A negative shift of X ignores the first X elements of the reference series (as if they were removed) for the cross-correlation, effectively reducing the number of considered values for both time series. Thus, the cross-correlation compares candidates with earlier time stamps to references with later time stamps.

In turn, a positive shift of X ignores the first X elements of the candidate series. Thus, the cross-correlation compares candidates with later time stamps to references with earlier time stamps.

Smoothing handling

For each reference-candidate pair, two smoothed (resampled) time series variations are created by applying a moving mean of the specified window size. Smoothing happens to reference and candidate time series alike, and only pairs with the same smoothing window are correlated (that is, a reference with a smoothing window of 1 and a candidate with a smoothing window of 2 are not considered).

Result ranking

The causal correlation analysis returns a score (based on the Pearson correlation coefficient and transformation penalties) for each candidate that describes the similarity of the candidate in the range from 0.0 (no similarity) to 1.0 (high similarity). The score represents a rank within the results list; it is not a percentage measure. Each resulting time series is visualized along with its score.

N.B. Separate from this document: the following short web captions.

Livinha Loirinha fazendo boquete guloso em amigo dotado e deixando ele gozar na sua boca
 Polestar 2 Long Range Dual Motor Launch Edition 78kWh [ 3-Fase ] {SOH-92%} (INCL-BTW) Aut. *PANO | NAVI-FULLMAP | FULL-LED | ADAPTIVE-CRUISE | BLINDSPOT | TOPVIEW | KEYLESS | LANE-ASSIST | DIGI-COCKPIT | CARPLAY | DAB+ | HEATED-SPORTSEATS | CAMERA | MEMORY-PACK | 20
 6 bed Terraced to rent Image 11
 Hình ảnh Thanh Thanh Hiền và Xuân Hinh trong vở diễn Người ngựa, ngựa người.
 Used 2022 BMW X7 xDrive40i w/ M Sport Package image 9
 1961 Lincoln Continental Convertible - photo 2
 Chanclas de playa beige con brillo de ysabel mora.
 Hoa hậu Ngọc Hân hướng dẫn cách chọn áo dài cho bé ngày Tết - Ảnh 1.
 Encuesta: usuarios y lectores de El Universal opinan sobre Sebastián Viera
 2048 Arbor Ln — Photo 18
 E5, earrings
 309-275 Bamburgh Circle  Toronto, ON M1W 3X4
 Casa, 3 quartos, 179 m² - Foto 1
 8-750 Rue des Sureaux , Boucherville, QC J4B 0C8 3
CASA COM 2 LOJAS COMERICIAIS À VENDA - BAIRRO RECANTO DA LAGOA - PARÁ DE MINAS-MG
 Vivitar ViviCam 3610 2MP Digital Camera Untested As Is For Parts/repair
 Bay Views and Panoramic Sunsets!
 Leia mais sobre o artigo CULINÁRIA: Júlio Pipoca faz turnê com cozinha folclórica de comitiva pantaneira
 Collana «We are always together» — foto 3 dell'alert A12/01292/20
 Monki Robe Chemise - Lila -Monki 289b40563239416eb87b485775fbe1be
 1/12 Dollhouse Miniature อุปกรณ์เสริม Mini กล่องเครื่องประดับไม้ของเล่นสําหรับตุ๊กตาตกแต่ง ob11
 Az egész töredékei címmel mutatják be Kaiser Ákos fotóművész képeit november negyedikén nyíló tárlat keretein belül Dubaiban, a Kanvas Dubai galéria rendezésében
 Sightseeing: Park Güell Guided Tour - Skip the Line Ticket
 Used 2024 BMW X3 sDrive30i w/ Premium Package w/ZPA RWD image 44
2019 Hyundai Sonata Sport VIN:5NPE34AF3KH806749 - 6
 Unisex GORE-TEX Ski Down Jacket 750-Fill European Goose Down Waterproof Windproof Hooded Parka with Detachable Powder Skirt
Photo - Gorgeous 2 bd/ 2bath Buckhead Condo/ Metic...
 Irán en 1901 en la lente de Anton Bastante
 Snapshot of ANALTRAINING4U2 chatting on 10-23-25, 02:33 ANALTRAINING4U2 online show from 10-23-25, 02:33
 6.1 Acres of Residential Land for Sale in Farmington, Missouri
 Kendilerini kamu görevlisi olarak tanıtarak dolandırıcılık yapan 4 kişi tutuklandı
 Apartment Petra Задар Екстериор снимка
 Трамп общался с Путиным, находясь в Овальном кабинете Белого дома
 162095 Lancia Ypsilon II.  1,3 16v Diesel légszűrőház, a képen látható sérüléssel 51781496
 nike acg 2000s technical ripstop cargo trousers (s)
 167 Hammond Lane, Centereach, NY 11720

While the analyzer identifies positive and negative correlations, Dynatrace does not distinguish them in the visualization, as both are equally relevant for exploratory analysis.

The threshold of 0.75 applies to the results, which means that time series with a lower score are excluded from the result.


Correlation threshold	0.0	0.2	0.3	0.4	0.5	0.6	0.65	0.7	0.75	0.8	0.85	0.9	0.95
Minimum data points	1001	261	121	66	41	28	23	19	16	14	12	10	8

A lower threshold would require more data points to ensure the low (below 0.1%) chance of unrelated time series being included in the result by accident. Since this is less likely for a high threshold, it requires fewer data points, and therefore this threshold was chosen. The minimal amount of data points is calculated using a Student's t-test.

Start exploratory analysis

You can trigger an exploratory analysis from any unified analysis page (for example, a host overview page or a Kubernetes workload page).

In the Dynatrace web UI, navigate to the relevant unified analysis page (host overview, service, Kubernetes workload, or other).
Select the phenomenon you want to analyze on a chart.

Every data analysis relies on the quality of your data. The quality of the results significantly improves when you select a phenomenon correctly.

Causal correlation analysis requires that portions of normal behavior in a reference time series be selected–both before and after any phenomenon under analysis. For a spike analysis, a rule of thumb is that the spike itself should cover a third of the reference time series, with one third before and one third after the spike.

Here's an example of an inaccurate time-series selection: only the plateau is selected, which will result in noisy, unexpected results.
Select Analyze and, if needed, the metric for analysis. If the Analyze option is disabled—you didn't select enough data points—expand the selection.
Davis gathers the candidate set (all the metrics displayed on the page are included automatically) and starts the analysis. The results are displayed in the side panel on the right. The results are ranked based on their similarity score.

Every chart in the result pane acts as a link to the metric—select it to go to the original chart. Note that the original chart might look slightly different due to different scaling.

Limitations

A certain number of data points is required for high-quality results. A lack of data points significantly increases the chance of inaccurate results.
Candidate time series must have enough data points in the selected timeframe. Even if you selected enough data points in the reference time series, candidates might miss the data for the same timeframe.
Signals must have significant variance. Nearly flat time series will produce spurious correlations (noisy detections).